Dans un contexte de tension croissante au Moyen-Orient, la situation sécuritaire au Liban devient de plus en plus préoccupante. Le ministre français par intérim, Stéphane Séjourné, a récemment exhorté les ressortissants français, en particulier ceux de passage, à quitter le Liban, citant l’instabilité de la région et la disponibilité actuelle des vols commerciaux vers la France.
Cette déclaration, publiée sur Twitter, souligne l’urgence de la situation : “Dans un contexte sécuritaire très volatile au #Liban, nous appelons à nouveau l’attention des ressortissants français, en particulier ceux de passage, sur le fait que des vols commerciaux directs et avec escales vers la France sont encore disponibles.”
Cependant, pour de nombreux binationaux, la décision de partir n’est pas simple. Certains et le nombre n’est pas le moindre choisissent de rester, voire même de revenir auprès des leurs poussés par un sentiment profond de solidarité envers leurs proches restés sur place, ce qui justement irrite les pays ayant appelé au départ de leurs ressortissants, comme les Etats-Unis, le Royaume Uni, le Canada et aujourd’hui les autorités françaises et pour cause.
Beaucoup en effet font aujourd’hui ce choix. Ce n’est pas par habitude de la guerre, mais justement parce qu’on est déjà passé par cela et qu’on sait de quoi on parle.
Cette situation rappelle en effet des souvenirs douloureux pour ceux qui ont déjà vécu des évacuations antérieures, comme en 1982 et 2006 comme pour moi.
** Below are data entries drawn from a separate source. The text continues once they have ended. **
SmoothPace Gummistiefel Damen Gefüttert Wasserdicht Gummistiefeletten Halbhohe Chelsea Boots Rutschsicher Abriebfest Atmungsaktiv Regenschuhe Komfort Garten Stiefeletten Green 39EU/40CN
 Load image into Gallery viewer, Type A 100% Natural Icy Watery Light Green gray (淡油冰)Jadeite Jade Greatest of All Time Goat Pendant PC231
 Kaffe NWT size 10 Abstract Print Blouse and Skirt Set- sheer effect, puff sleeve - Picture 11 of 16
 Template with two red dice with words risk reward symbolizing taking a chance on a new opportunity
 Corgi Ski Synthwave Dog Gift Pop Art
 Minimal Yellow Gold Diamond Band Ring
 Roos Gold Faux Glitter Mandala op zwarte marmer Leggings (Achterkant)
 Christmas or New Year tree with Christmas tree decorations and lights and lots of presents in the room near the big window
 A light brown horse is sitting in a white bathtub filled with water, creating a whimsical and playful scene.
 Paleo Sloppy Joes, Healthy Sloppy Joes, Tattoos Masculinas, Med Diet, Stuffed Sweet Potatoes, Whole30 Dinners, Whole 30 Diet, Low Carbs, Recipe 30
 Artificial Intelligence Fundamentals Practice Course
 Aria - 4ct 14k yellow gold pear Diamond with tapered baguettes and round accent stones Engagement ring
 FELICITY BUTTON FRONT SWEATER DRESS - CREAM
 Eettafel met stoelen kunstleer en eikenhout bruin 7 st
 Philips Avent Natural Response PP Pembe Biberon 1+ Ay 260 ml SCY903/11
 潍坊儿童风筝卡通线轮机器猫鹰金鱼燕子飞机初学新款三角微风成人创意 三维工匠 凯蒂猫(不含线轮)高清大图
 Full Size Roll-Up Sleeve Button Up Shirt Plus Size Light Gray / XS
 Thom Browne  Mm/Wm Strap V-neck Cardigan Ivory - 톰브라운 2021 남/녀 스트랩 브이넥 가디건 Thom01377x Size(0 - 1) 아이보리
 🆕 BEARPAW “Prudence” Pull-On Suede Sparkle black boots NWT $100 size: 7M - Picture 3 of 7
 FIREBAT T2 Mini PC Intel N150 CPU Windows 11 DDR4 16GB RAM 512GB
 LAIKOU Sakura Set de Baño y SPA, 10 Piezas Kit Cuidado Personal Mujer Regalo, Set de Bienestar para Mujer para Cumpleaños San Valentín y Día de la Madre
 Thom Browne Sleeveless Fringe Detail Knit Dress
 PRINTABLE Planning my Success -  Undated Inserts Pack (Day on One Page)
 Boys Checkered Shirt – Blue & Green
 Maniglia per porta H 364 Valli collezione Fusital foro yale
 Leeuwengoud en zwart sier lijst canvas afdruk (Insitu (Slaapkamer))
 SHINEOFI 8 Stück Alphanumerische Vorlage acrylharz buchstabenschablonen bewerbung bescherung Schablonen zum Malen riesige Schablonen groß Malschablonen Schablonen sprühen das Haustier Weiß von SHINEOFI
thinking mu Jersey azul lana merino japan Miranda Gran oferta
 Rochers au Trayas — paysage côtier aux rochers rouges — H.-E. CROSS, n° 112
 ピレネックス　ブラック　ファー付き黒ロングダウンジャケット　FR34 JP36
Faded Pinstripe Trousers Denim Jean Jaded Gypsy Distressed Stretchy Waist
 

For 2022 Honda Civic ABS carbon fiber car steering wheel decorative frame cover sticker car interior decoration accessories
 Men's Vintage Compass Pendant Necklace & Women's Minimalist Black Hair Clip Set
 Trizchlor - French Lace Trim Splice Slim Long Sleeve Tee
En effet, j’ai été évacué enfant deux fois lors de la guerre de 1982 à l’âge de 5 ans à bord de l’Argens pour être plus précis et a aidé à évacuer des membres de sa famille en 2006 voyant à l’époque les côtes de ce pays s’éloigner avec des bombes qui détonnent au loin sans savoir quand et comment on pourra revenir ayant dans la tête la fameuse chanson de Feyrouz, Li Beirut, prenant un nouveau sens pour moi.
J’ai donc répondu à Stephane Séjourné la chose suivante :
“Mr le ministre, évacué en 1982 laissant mon père chirurgien au Liban à l’âge de 5 ans puis en 2006 pour convoyer mes neveux en France, vous ne pouvez imaginer combien il est difficile de laisser nos proches derrière nous. Nous nous devons d’être présents dans ces moments difficiles et les traverser avec eux. Votre rôle est d’arrêter cette escalade.”
En effet, il est inimaginable de laisser dernière nous nos proches, inimaginable aussi de ne pas pouvoir communiquer avec eux parfois durant des jours et des semaines pensant alors que le pire est peut-être advenu, inimaginable aussi de ne pas partager ces moments durs, de stress avec eux, inimaginable de ne pas être là pour les soutenir, les épauler.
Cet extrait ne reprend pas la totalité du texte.